Also, when the end operation is not detected in step S508 and an operation
for changing any parameter of velocity, pitch, phonemes, and labels is
detected (step S509), processing shifts to step S510 and the processing
for changing the parameters as an object for a change is executed therein.
In step S511, when a change for setting the voice tone is detected,
processing shifts to step S512 and the setting of the voice tone is
changed therein.
It should be noted that the end operation is not detected in step S508 and
until the change operation for parameters is detected in step S511, the
processing in step S508, S509, and S512 is repeatedly executed.

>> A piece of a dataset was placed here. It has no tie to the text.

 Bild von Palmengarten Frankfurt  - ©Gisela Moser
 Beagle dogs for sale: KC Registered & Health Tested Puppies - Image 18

As described above on Modification 1, even if a synthesized waveform is
automatically obtained once after a natural voice is inputted and then
each parameter is changed, it is possible to realize practical voice
synthesis which can maintain voice reproduction with high quality like
that in the embodiment described above.
Also, as Modification 2, a voice is synthesized once, and then an amplitude
pattern of the original waveform is compared to that of the synthesized
waveform, whereby a velocity value may be optimized so that the amplitude
of the synthesized waveform will match that of the original waveform,
which makes it possible to further improve the voice quality.
Also, as Modification 3, in a case where the voice tone section does not
have the voice tone data specified by voice-generating information, a
voice may be synthesized by selecting the voice tone having the
characteristics (attribute of the voice tone) similar to the
characteristics (attribute of the voice tone) in the voice-generating
information from the voice tone section.
Detailed description is made hereinafter for Modification 3. FIG. 29 is a
view showing an example of configuration of the header information
according to Modification 3, FIG. 30 is a view showing an example of
configuration of the voice tone attribute in the header information shown
in FIG. 29, FIG. 31 is a view showing an example of configuration of the
voice tone section according to Modification 3, and FIG. 32 is a view
showing an example of configuration of the voice tone attribute in the
voice tone section shown in FIG. 31.
In Modification 3, as shown in FIG. 29 and FIG. 31, each information for
attribute of voice tone with a common format is prepared in the header
information as well as in the voice tone section 43 of the
voice-generating information.
Added to the header information HDRX in the voice-generating information is
information AT for attribute of voice tone as a new parameter, different
from the header information applied to the embodiment described above.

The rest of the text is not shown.